#### [Input data]

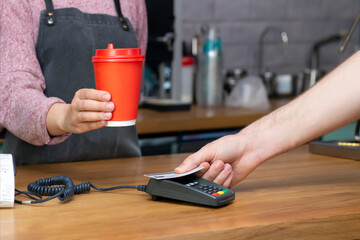 Takeaway coffee. barista holds out a red paper glass with a drink, the buyer pays with a card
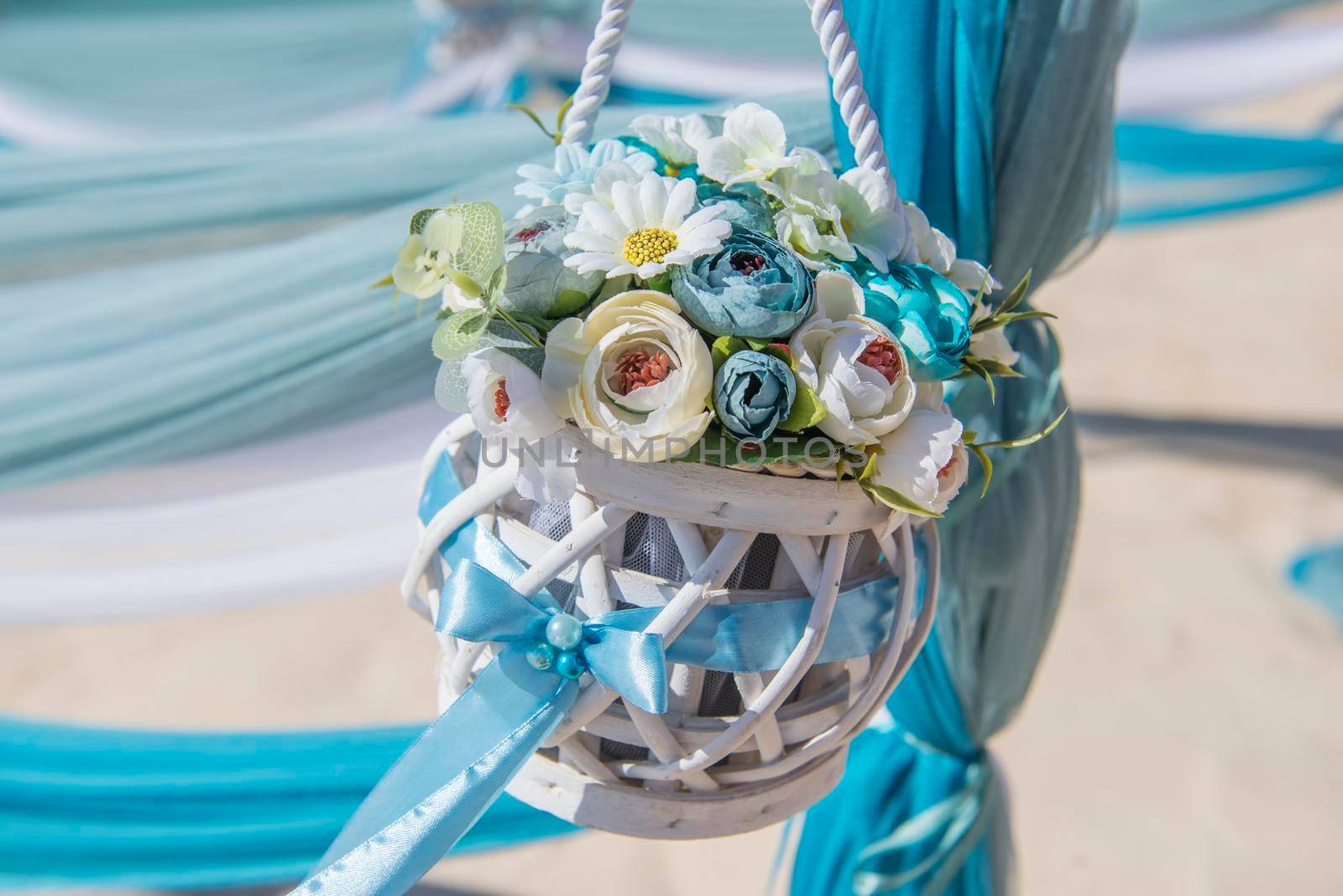 Wedding aisle setup on tropical beach with flower bouquet by paulvinten
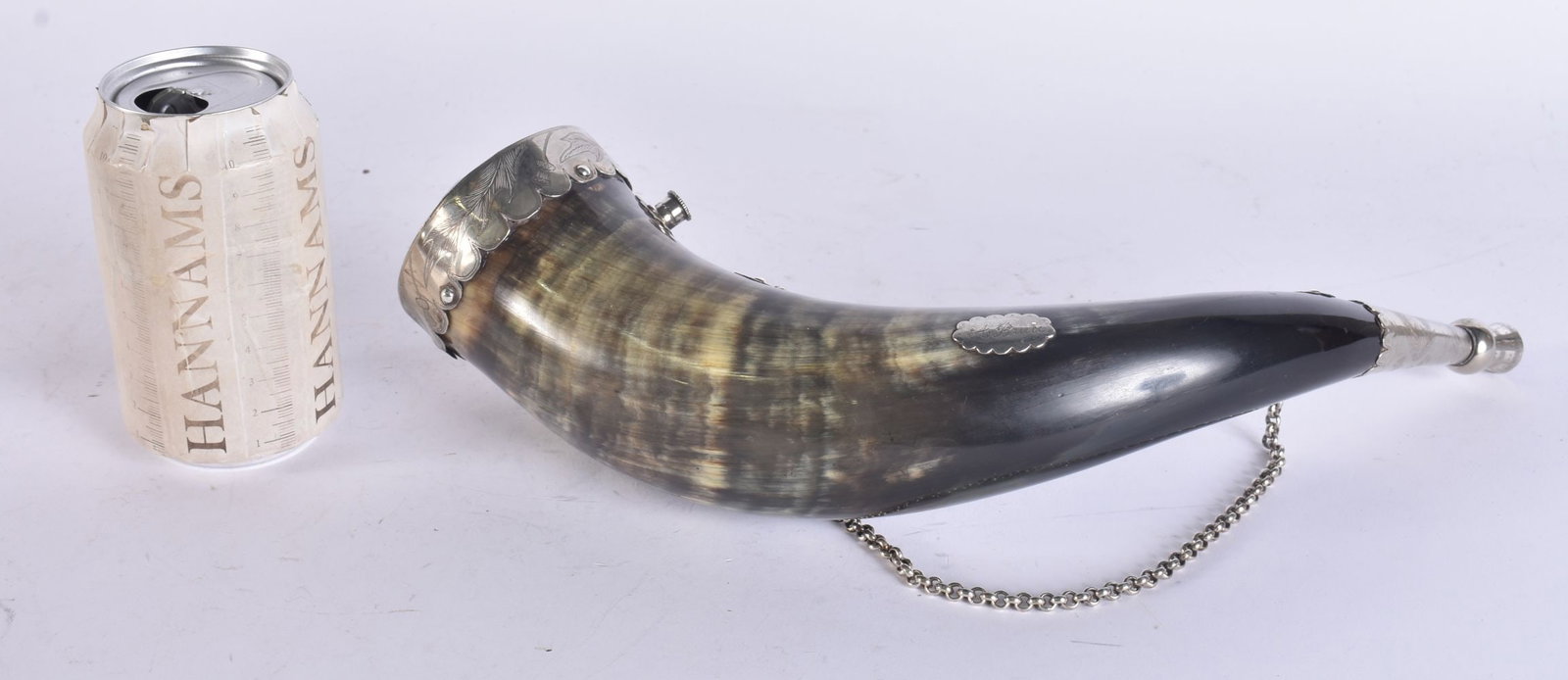 A VICTORIAN SCOTTISH WHITE METAL MOUNTED CAIRNGORM POWDER FLASK with hanging strap. 32 cm wide. (1 of 6)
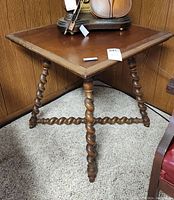 Full view of the square top and spiral spindle legs with stretcher base on carpeted floor.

#### [What this task involves]
Go to the line above holding "Wedding aisle setup", then copy exactly each line down to and including the one holding "A VICTORIAN SCOTTISH", leaving pictures out.

#### [Written response]
 Wedding aisle setup on tropical beach with flower bouquet by paulvinten
 A VICTORIAN SCOTTISH WHITE METAL MOUNTED CAIRNGORM POWDER FLASK with hanging strap. 32 cm wide. (1 of 6)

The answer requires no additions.